A cosmetic product that can affect genetic mechanisms is still a distant dream, just like genetic therapy for certain diseases. When considering the degree of complexity of the various stages in the control mechanism of the skin and connective tissues, one can imagine the great amount of time required to make significant progress in this field.

The mass market products available under the name DNAge try to convince customers by saying that the folic acid will affect the genetic control of the skin cells. The argument that folic acid acts on the cells and strengthens the DNA directly within the cell nucleus, that it protects the DNA from external effects and improves the healthy process of cell regeneration, has no support in scientific facts. Therefore, these explanations are nothing but marketing trickery!

Another area that has so far only been studied to a small extent is the effect of signaling molecules on the body’s genetic mechanisms. In humans, insulin is an example of such a signaling molecule, which has the potential to determine the whole body’s response to stress. Very little research has been conducted with respect to these molecules.

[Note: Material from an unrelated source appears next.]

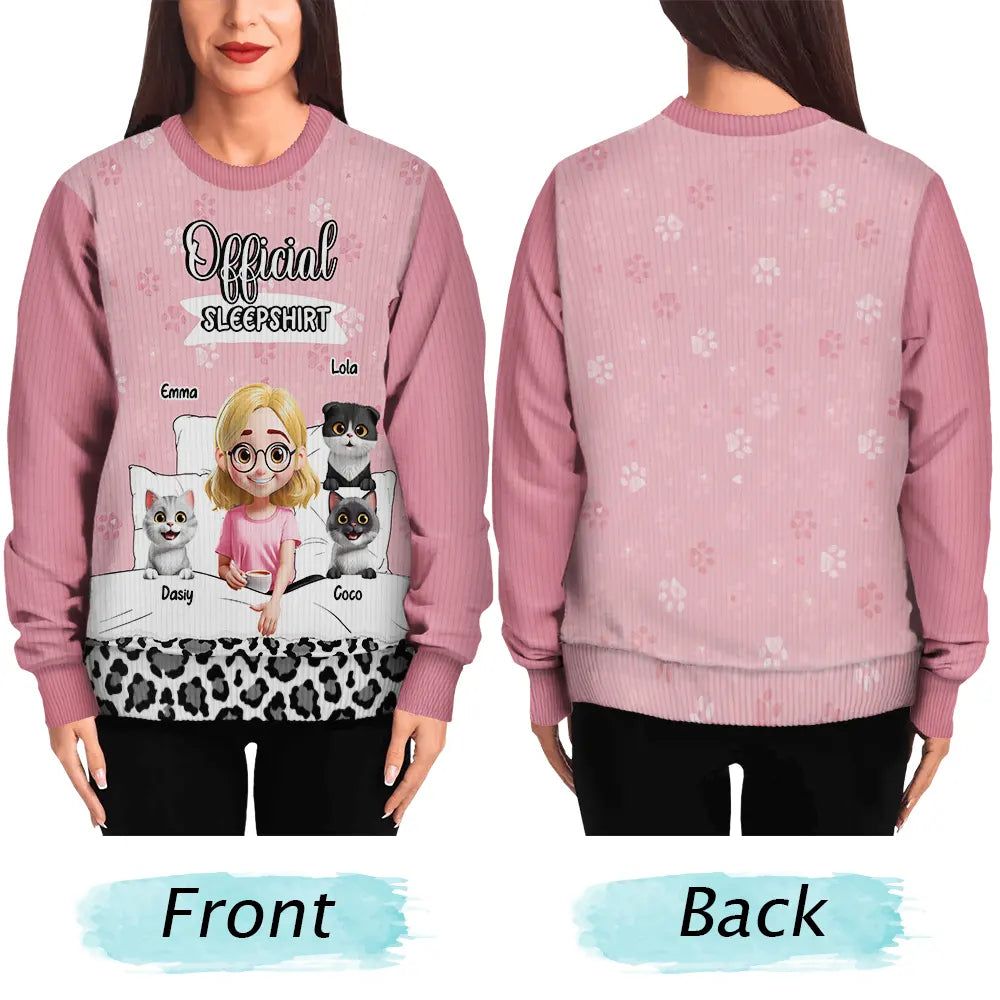 Cat Mom Cat Dad Official Sleep Shirt - Personalized Unisex Ugly Sweater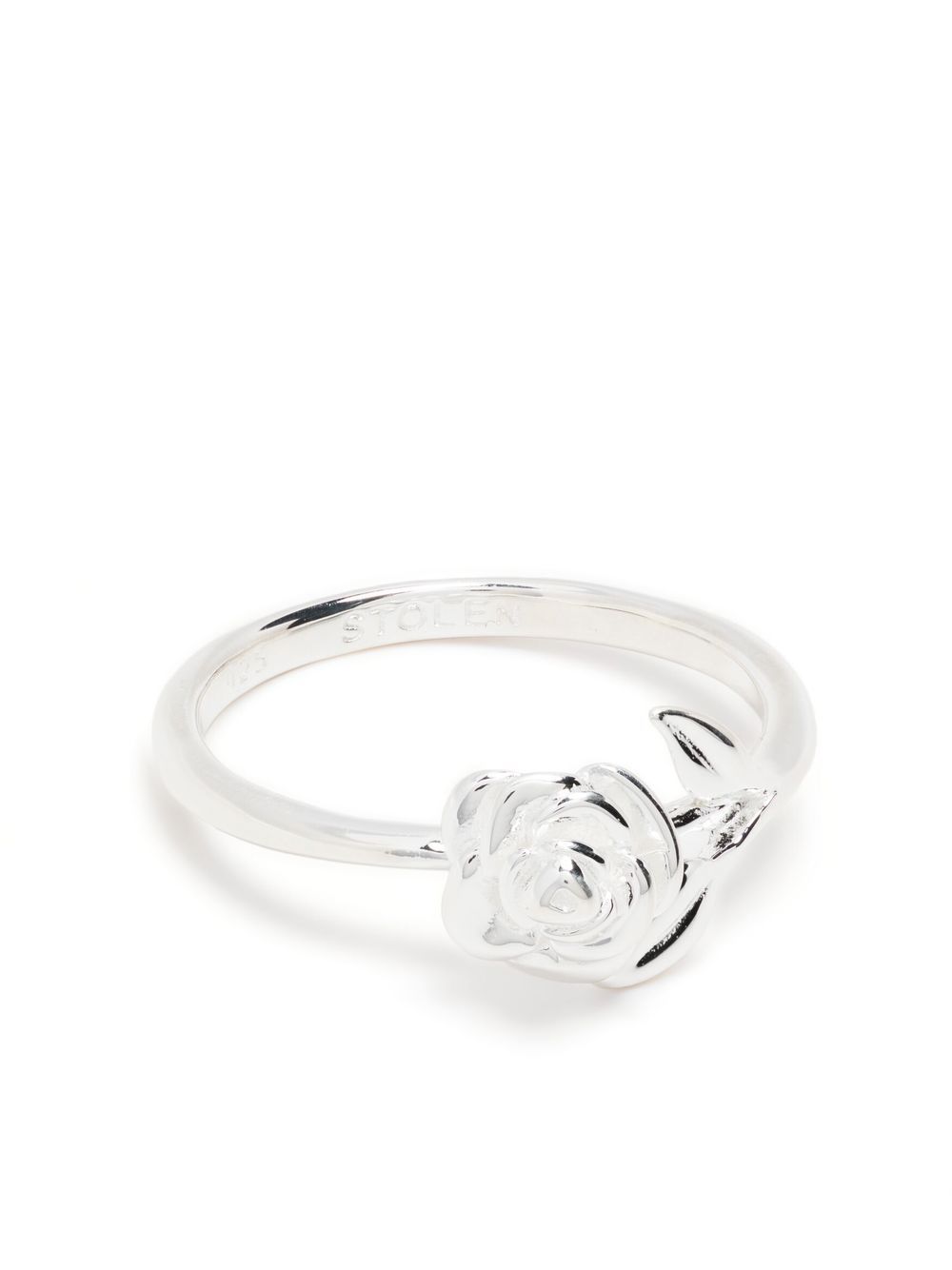 Stem Rose sterling-silver ring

In mice and rats, important proteins such as p53, FoxO , and Ku70 can induce cell death or activate cell repair capacity. In this context, it is interesting to examine the group of sirtuins in mammalian cells. These are enzymes that control cell metabolism in several ways. For example, the enzyme Sirt-1 controls the following target proteins:

1. Fox=3, FoxO1 and Fox=04: Transcription factors for genes involved in cell protection and glucose metabolism.
2. The histones H4, H3 and H1: control the DANN density within the chromosomes.
3. Ku70: A transcription factor that stimulates DANN repair and cell survival .
4. MyoD: A transcription factor that stimulates muscle development and tissue repair.
5. NcoR: Menstruation affects a large number of genes, including those involved in fat metabolism, inflammatory processes and the function of other hormones, such as the protein PGC-IP.
6. P300: Menstruation, responsible for the attachment of acetyl groups to histones.
7. p53 transcription factor, initiator of programmed death of diseased cells.
8. PGC-1: Menstruation, controls cell respiration and apparently plays an important role in muscle development.
9. NF-?B: Transcription factor, controls inflammation and cell survival and growth.

Connective tissue cells – fibroblasts – are controlled by at least 337 genes; They behave in very different ways, depending on the anatomical area they came from. In addition, current dieticians are convinced that everything we put into our organism affects the effectiveness of genetics.

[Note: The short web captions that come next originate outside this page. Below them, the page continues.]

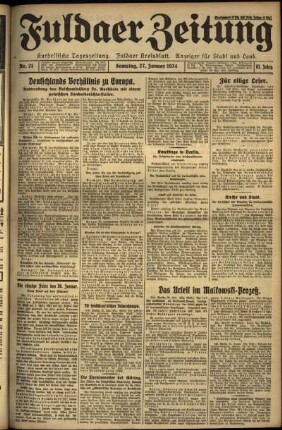 Ausgabe vom Samstag, den 27. Januar 1934.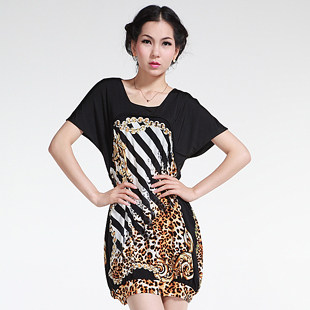 ONEBUYE2012欧美夏季新款大码显瘦宽松短袖拼接豹纹印花连衣<span class=H>裙装</span>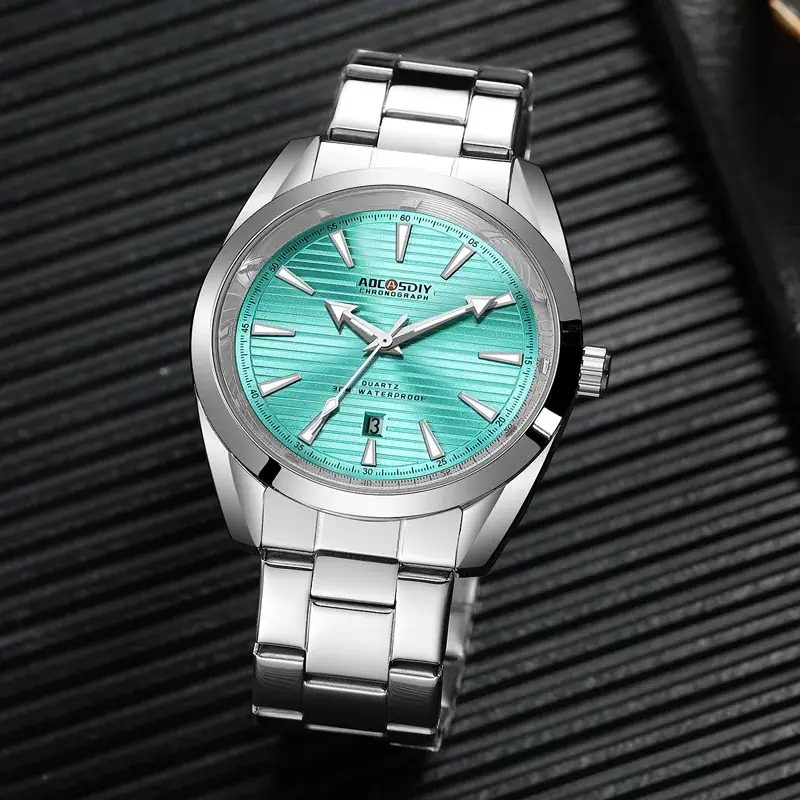 Men's Red Gold Quartz Watch with Stainless Steel Band - Image 7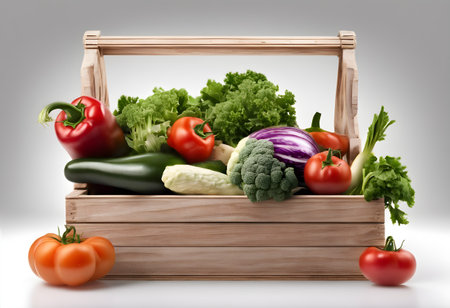 Wooden box full of fresh vegetables isolated on white background. 3d illustrationの素材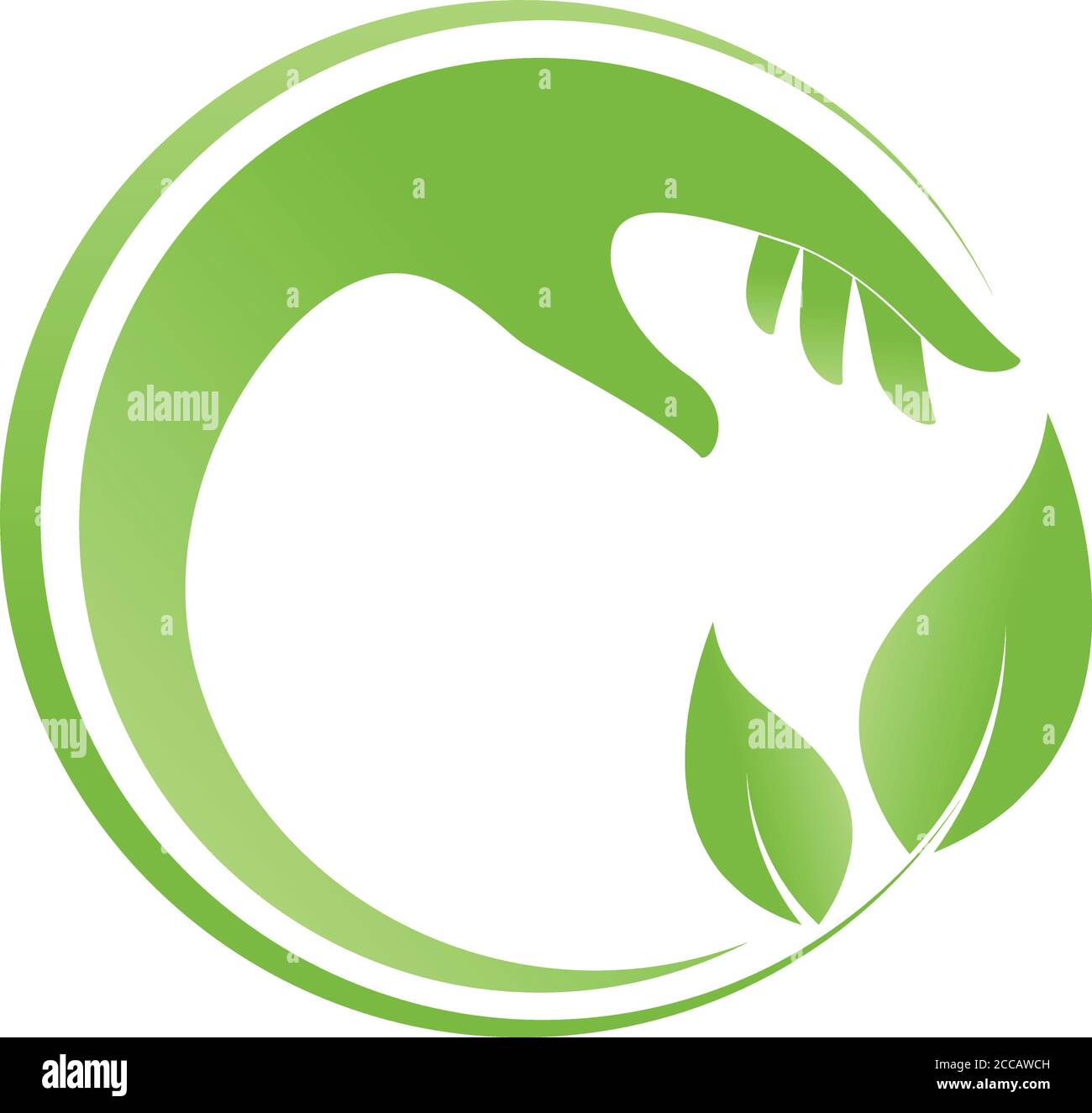 Mains, feuilles, naturopathe, bien-être, logo Illustration de Vecteur
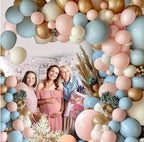 Gender Reveal Balloon Arch Kit, 144PCS Dusty Pink and Blue Balloons Chrome Gold Sand White Balloons for Gender Reveal Boho Birthday Party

The individual nutrient molecules are washed through the body as tiny molecules, just like sediment. They reach the cells and provide them with energy. Some portion of everything we eat ends up in these powerhouses in our organisms. These nutritional molecules undergo a thorough examination in the cell membrane, before entering the cell. However, sometimes toxins (alcohol, for example), manage to avoid the controllers, and damage the cells significantly. On the other hand, vitamin C from orange juice can stimulate collagen production by genes inside the cells. In one part of the cell – the endoplasmic reticulum – the new fiber takes its shape. The nucleus of the cell keeps the most important treasure of all – DNA. Access here is only possible for materials with special permits: Proteins and nutrients that activate the genes. Toxic substances can, of course, cause damage here as well.

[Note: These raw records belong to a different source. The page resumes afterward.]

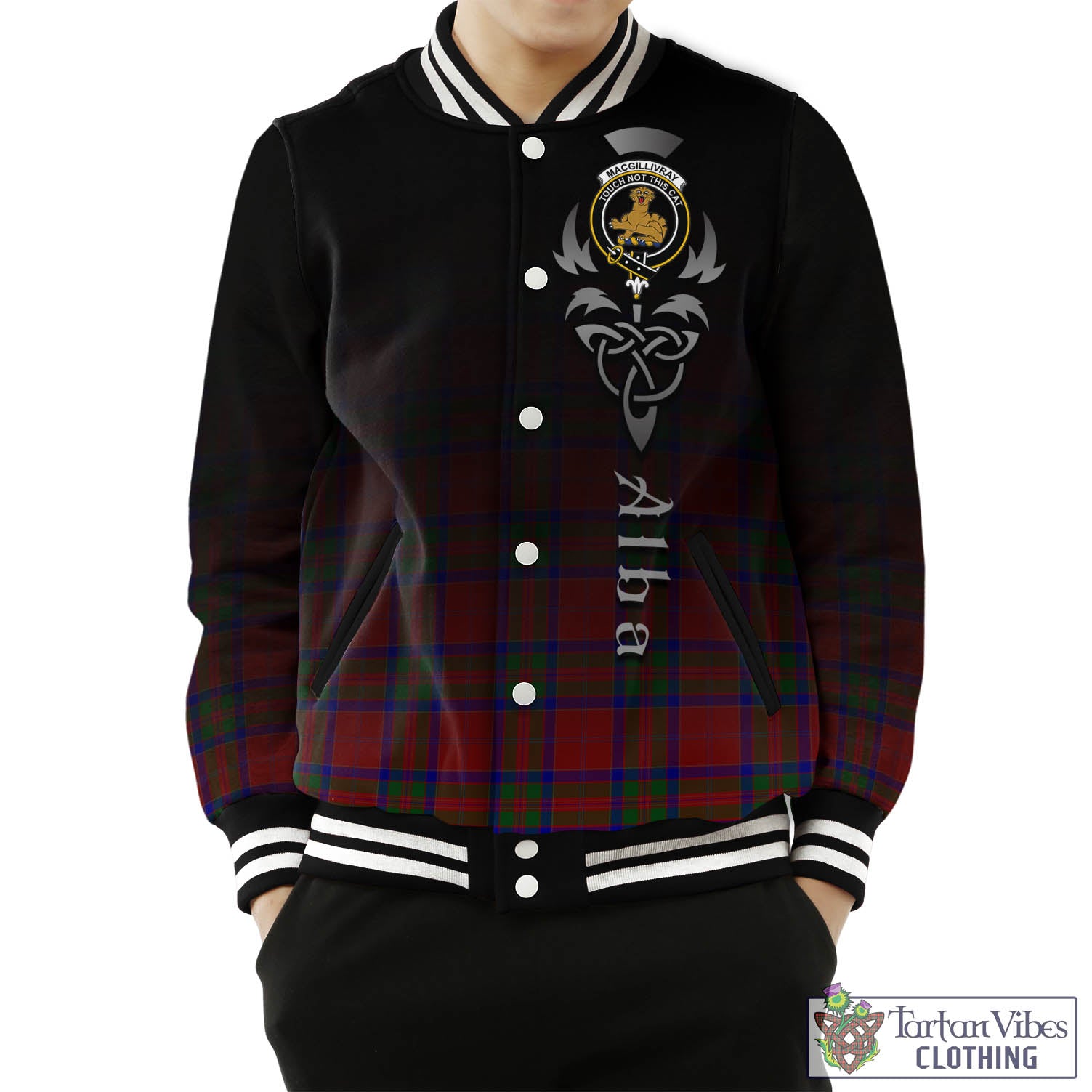 Tartan Vibes Clothing MacGillivray Tartan Baseball Jacket Featuring Alba Gu Brath Family Crest Celtic Inspired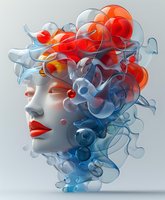 Surreal female profile with flowing abstract smoke forms in red and blue tones, featuring dramatic red lips against pale skin, artistic contemporary portrait composition.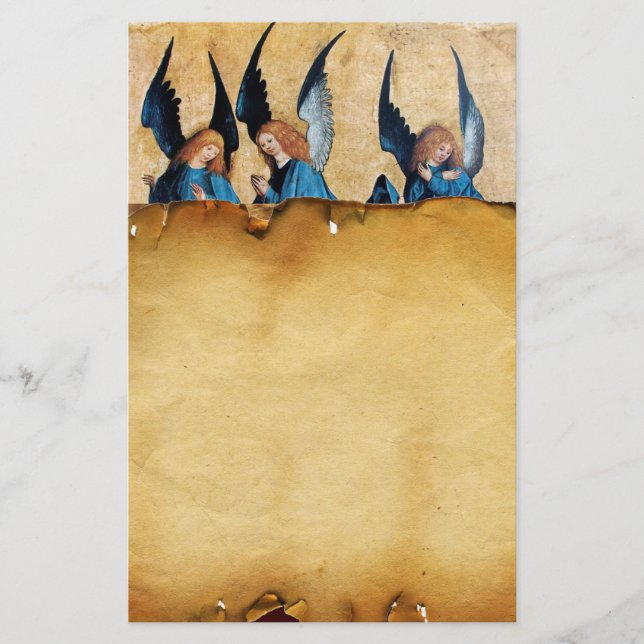 Drei Engel in Blau, Braunes Pergament Briefpapier (Vorderseite)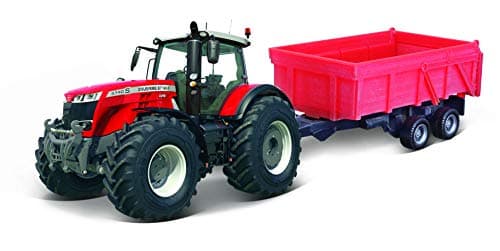 Image of Bburago FENDT 1000 VARIO TRACTOR with COMBINATION TRAILER – 10CM – Incredibly Detailed Die-Cast Replica Collectible Model Vehicle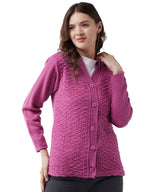 Pivl Womens Blended V-Neck Cardigan Sweater (PV502_Light Pink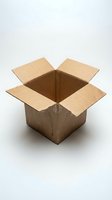 Open cardboard shipping box with flaps raised, isolated on white background, ready for packaging, delivery, and logistics design projects.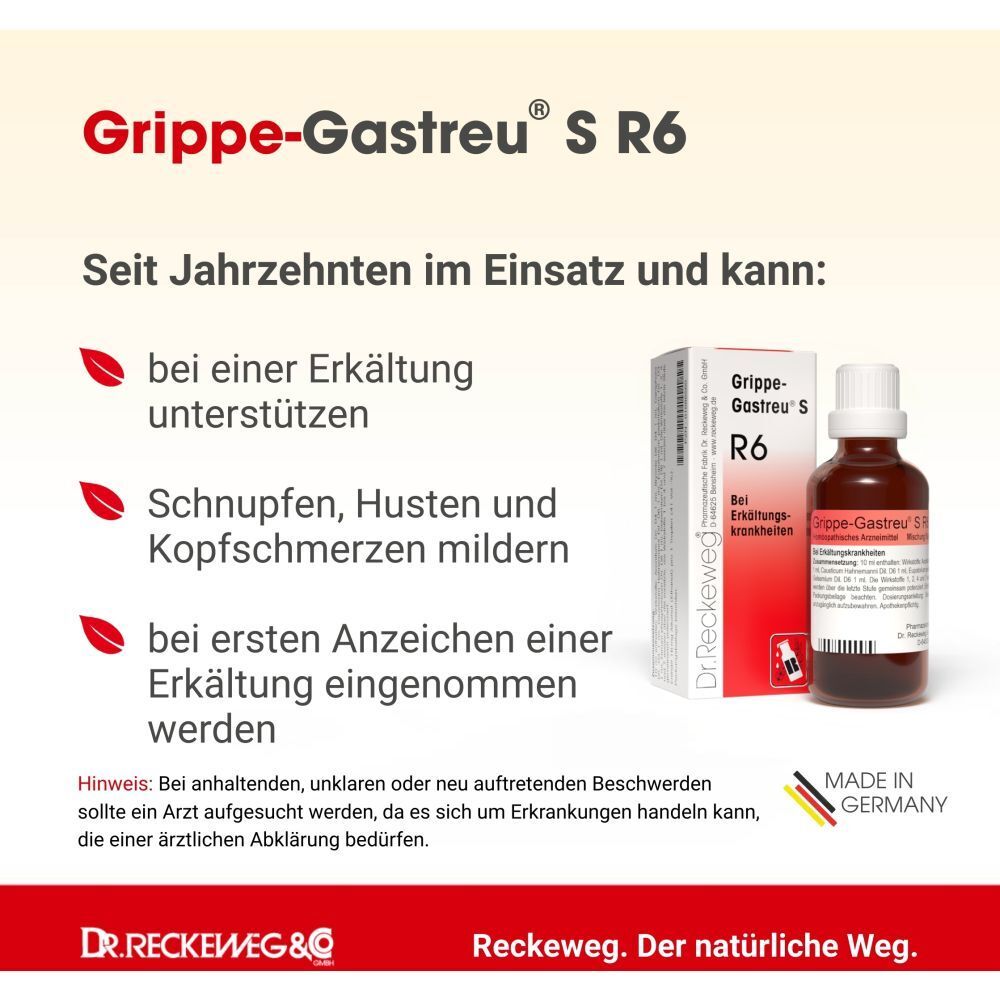 Grippe-Gastreu S R6: Unterstützt bei Erkältung, lindert Schnupfen, Husten, Kopfschmerzen. Made in Germany.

Research of the interaction between food and genes has only just begun. Perhaps it is possible to turn genes on and off, speed up and slow down their action through various diseases. Expectations in this field are high.

These examples are only meant to show how complex these issues are. Many laboratories all over the world engage in research in this field. Methods at the molecular level, such as DNA chips (DNA Micro-array) are improving and becoming more accurate and efficient. The results may be highly significant, especially for the development of cosmetics, in a few years. If it is then possible to cause significant changes in the skin and connective tissues of the skin using signaling molecules, we may be able to say that we have taken a huge step forward. Yet today, unfortunately, this is merely a dream.